The Tobacco Products Scientific Advisory Committee, which was created by the 2009 Family Smoking Prevention and Tobacco Control Act, issued a report in 2011 recommending the FDA remove menthol cigarettes from the marketplace.

“Menthol cannot be considered merely a flavoring additive to tobacco,” the committee said in its report. “Its pharmacological actions reduce the harshness of smoke and the irritation from nicotine, and may increase the likelihood of nicotine addiction in adolescents and young adults who experiment with smoking.” 

In addition to menthol, the FDA said it plans to seek public comment on regulating flavors for cigars and e-cigarettes that critics claim are appealing to kids.

Sward said she’s glad new FDA Commissioner Scott Gottlieb is taking action, but said it needs to be done quickly to prevent a generation of children from smoking.

Gottlieb said Friday that he plans to “pursue efforts to reduce addiction to nicotine with the same vigor” as efforts to reduce addiction to opioids.

“I view our opportunity to confront addiction to nicotine with the same obligation,” he said.

Experts say any regulation, even down the road, is likely to be tied up for years in a legal fight with industry.

“The tobacco industry is going to prioritize the need to maximize shareholder value and will likely oppose anything that gets in the way of that,” said Gary Giovino, a professor and chairman of the Department of Community Health and Health Behavior at the University at Buffalo.

“If they can make more money in the new paradigm, they would support it, but personally I can’t be optimistic that will happen.”

Altria, the parent company of Philip Morris USA, which makes Marlboro, Parliament and Virginia Slims, issued a subtle warning to the FDA last week.

In a statement, the company said “any proposed rule such as a nicotine product standard must be based on science and evidence, must not lead to unintended consequences and must be technically achievable.”

“Establishing a standard of any sort is a deliberative process, with multiple opportunities for interested parties to provide perspectives,” the company said.

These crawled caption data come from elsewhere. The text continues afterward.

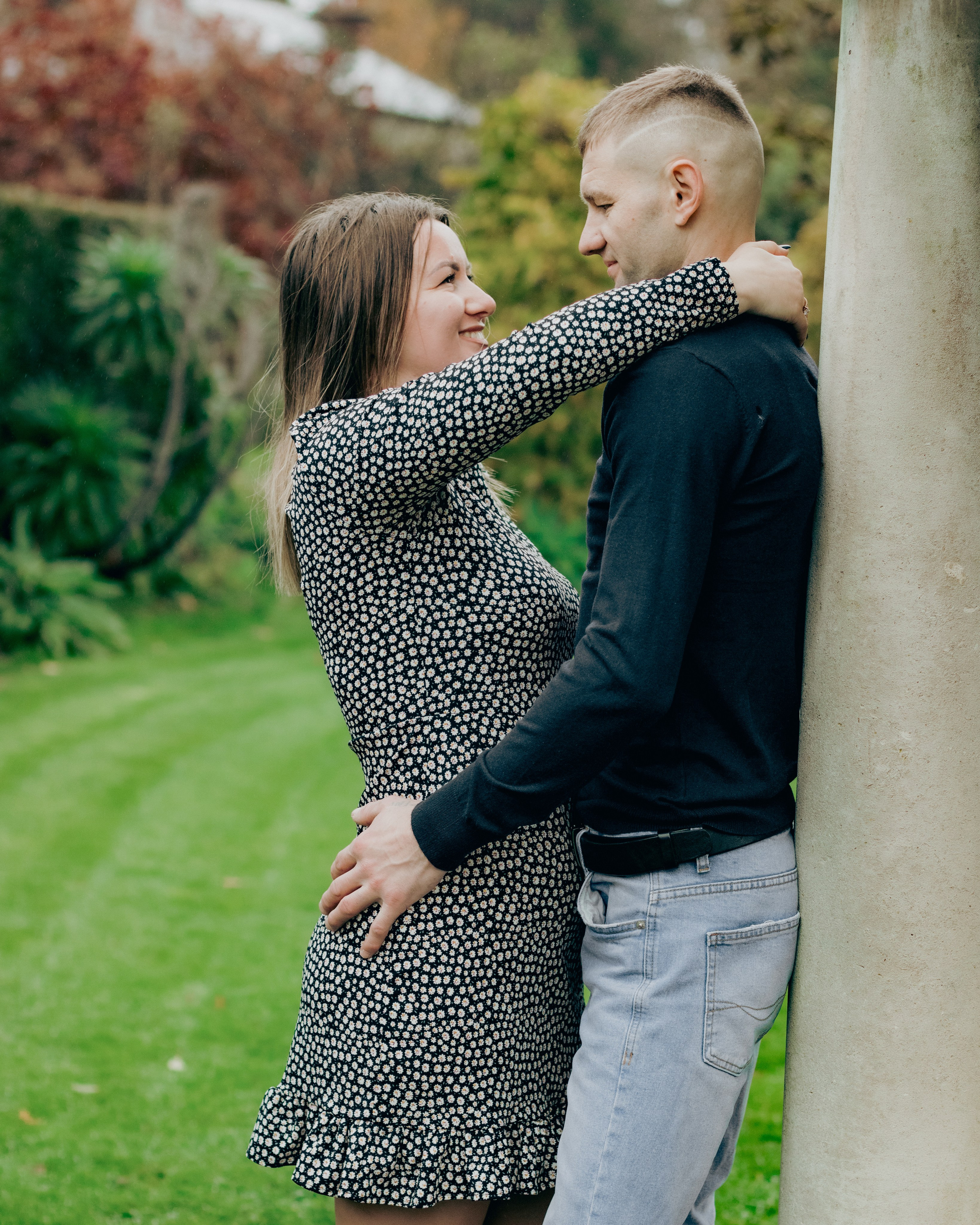 Family Photography. Family and chids Photographer in Ireland, Dublin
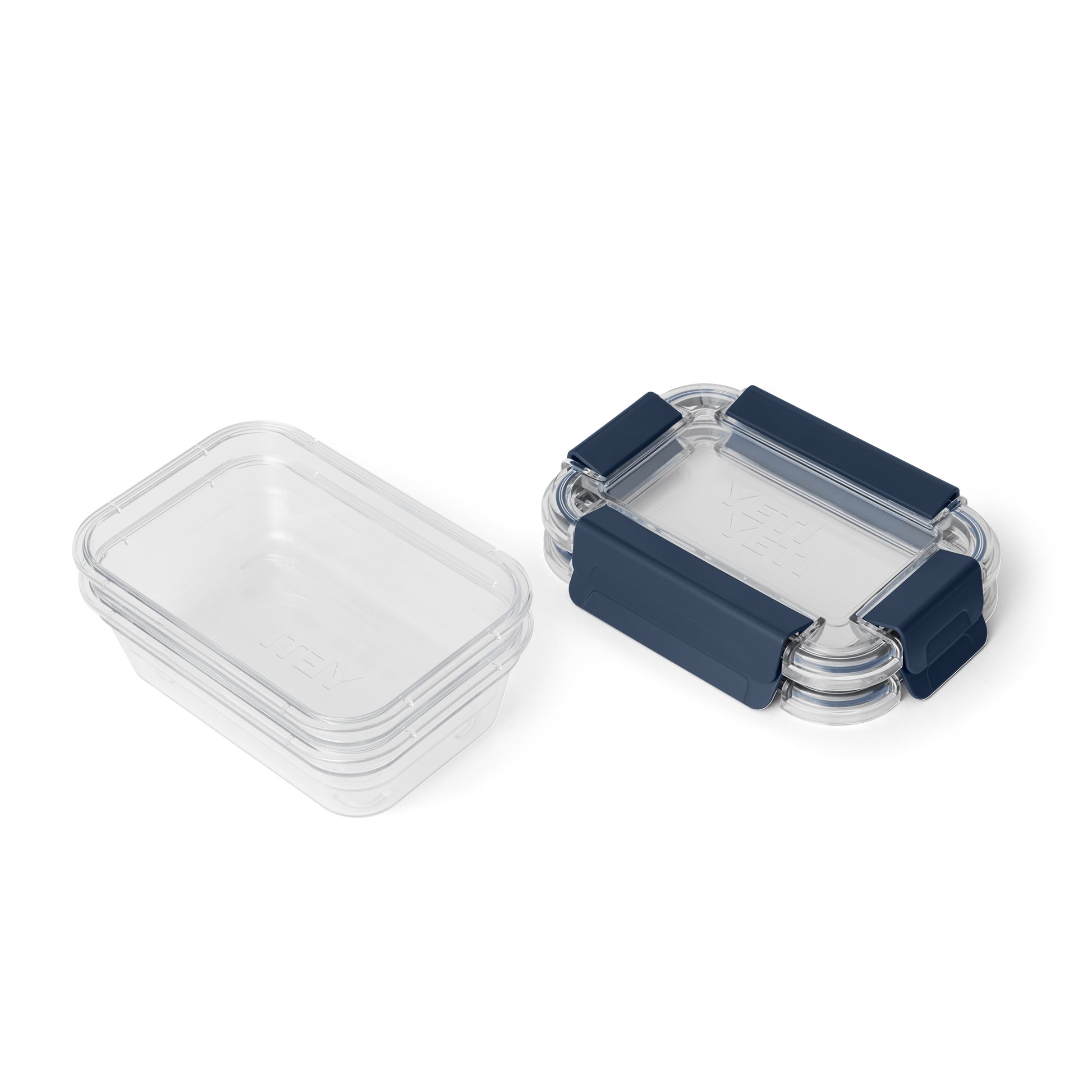 YETI YETI® Récipients Alimentaires 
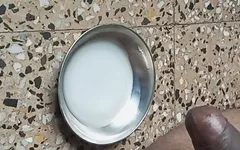 Yenge ji ki shaadi ke baad thukai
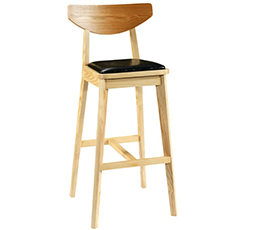 吧凳Bar stool  ckf-bd05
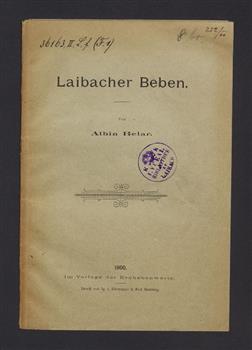 tab1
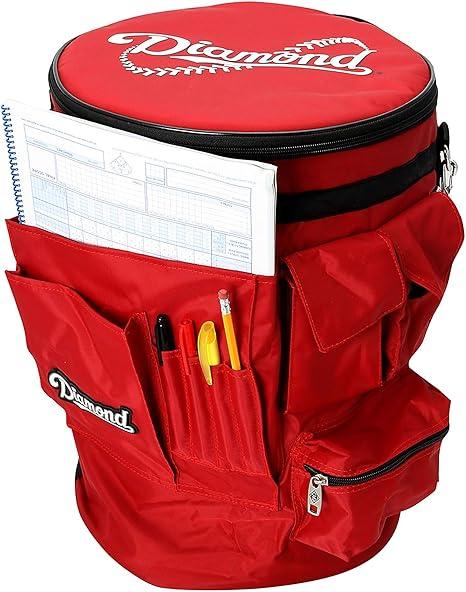 Diamond Sports Bucket Sleeve ā Product View | Smash It Sports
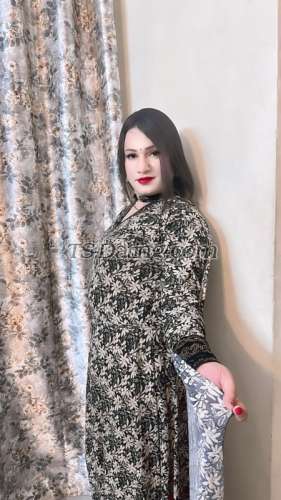 trans girl kirtivers 3577887 trans girl kirtivers 3577887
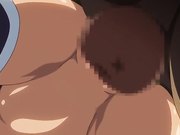 气质圣女被大汉轮奸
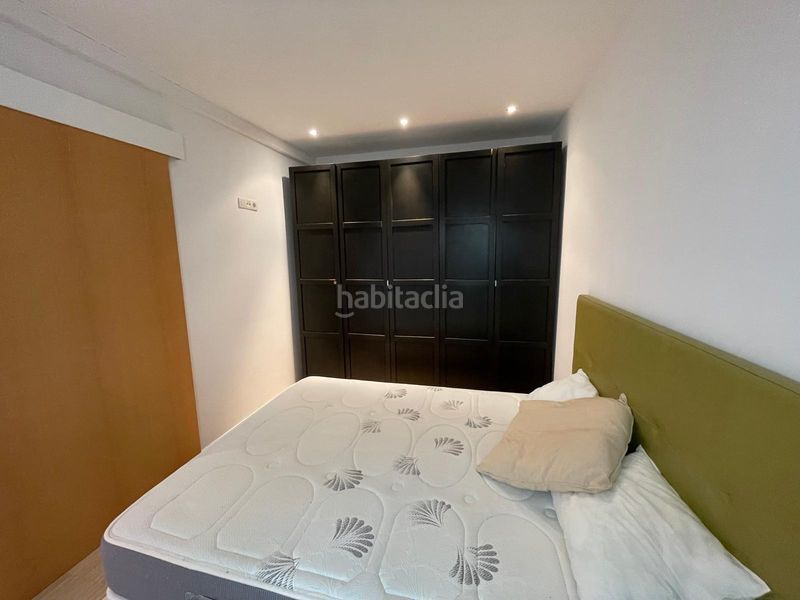 Foto 9da475d1-b3ee-4ea1-8a5d-3df855658af7. Pis amb calefacció a Vila de Gràcia Barcelona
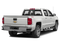 2015 Chevrolet Silverado 1500 Work Truck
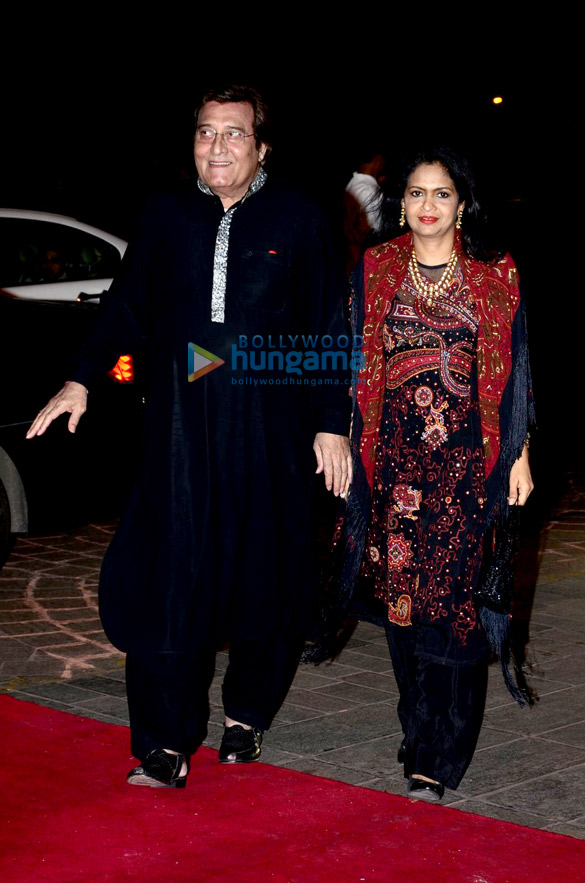 Kavita Khanna News, Latest News of Kavita Khanna, Movies, News, Songs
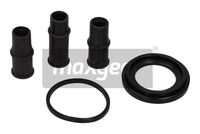 Set za popravku, kočione čeljusti MAXGEAR 27-0448
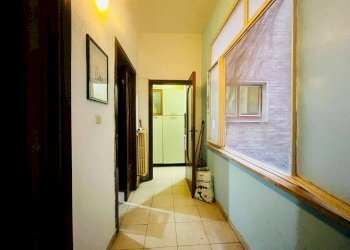 Foto 8 - Three-room apartment VIA PERICLE TERLIZZI
 
13, Lucera - photo 8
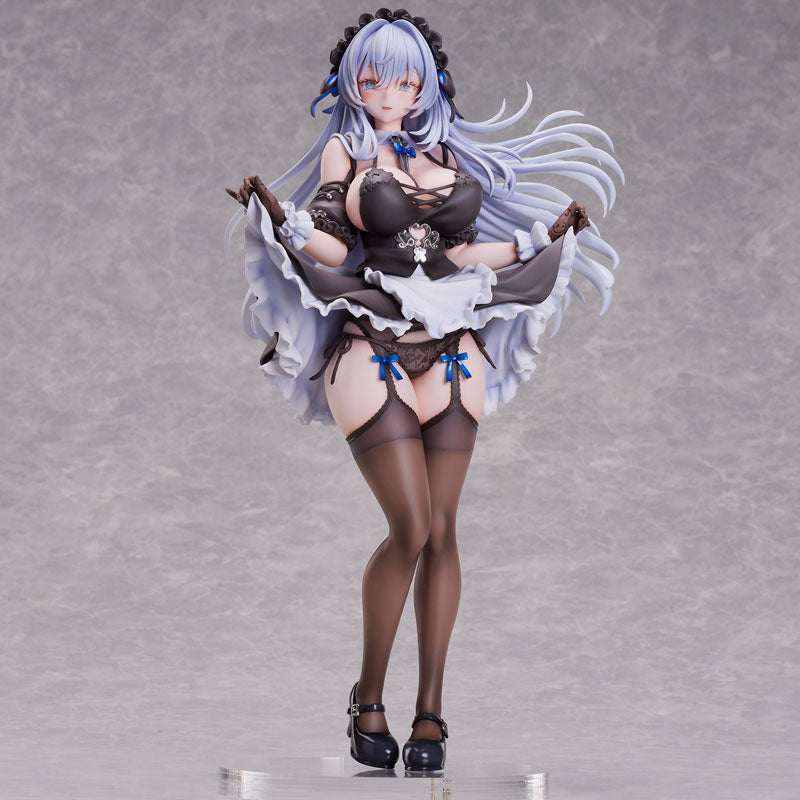 PRE-ORDER Union Creative - SG Original Work - Shion Alfine 1/6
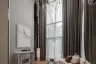 5 Bedroom House for Sale or Rent in The Gentry Sukhumvit, Bang Chak, Bangkok near BTS Punnawithi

While the FDA’s plans for nicotine left anti-smoking groups hopeful, the agency’s delay — announced the same day — of product reviews for cigars and electronic cigarettes dampened their excitement.

The FDA said it’s giving e-cigarette manufacturers until 2022 to submit pre-market applications for products that were on the market before the new rules took effect on Aug. 8, 2016.  Manufacturers of newly regulated combustible products, including cigars, pipe tobacco and hookah tobacco, have until Aug. 8, 2021, to submit applications for market approval.

“FDA’s move today to lower nicotine levels and take a harder look at how flavored tobacco products attract the young is to be commended,” Nancy Brown, CEO of the American Heart Association, said in a statement Friday.

“However, the association is disappointed with the agency’s decision to delay certain e-cigarette and cigar compliance deadlines. Altering the deadline for FDA review of e-cigarettes and cigars is a troubling step and one that we will closely monitor.”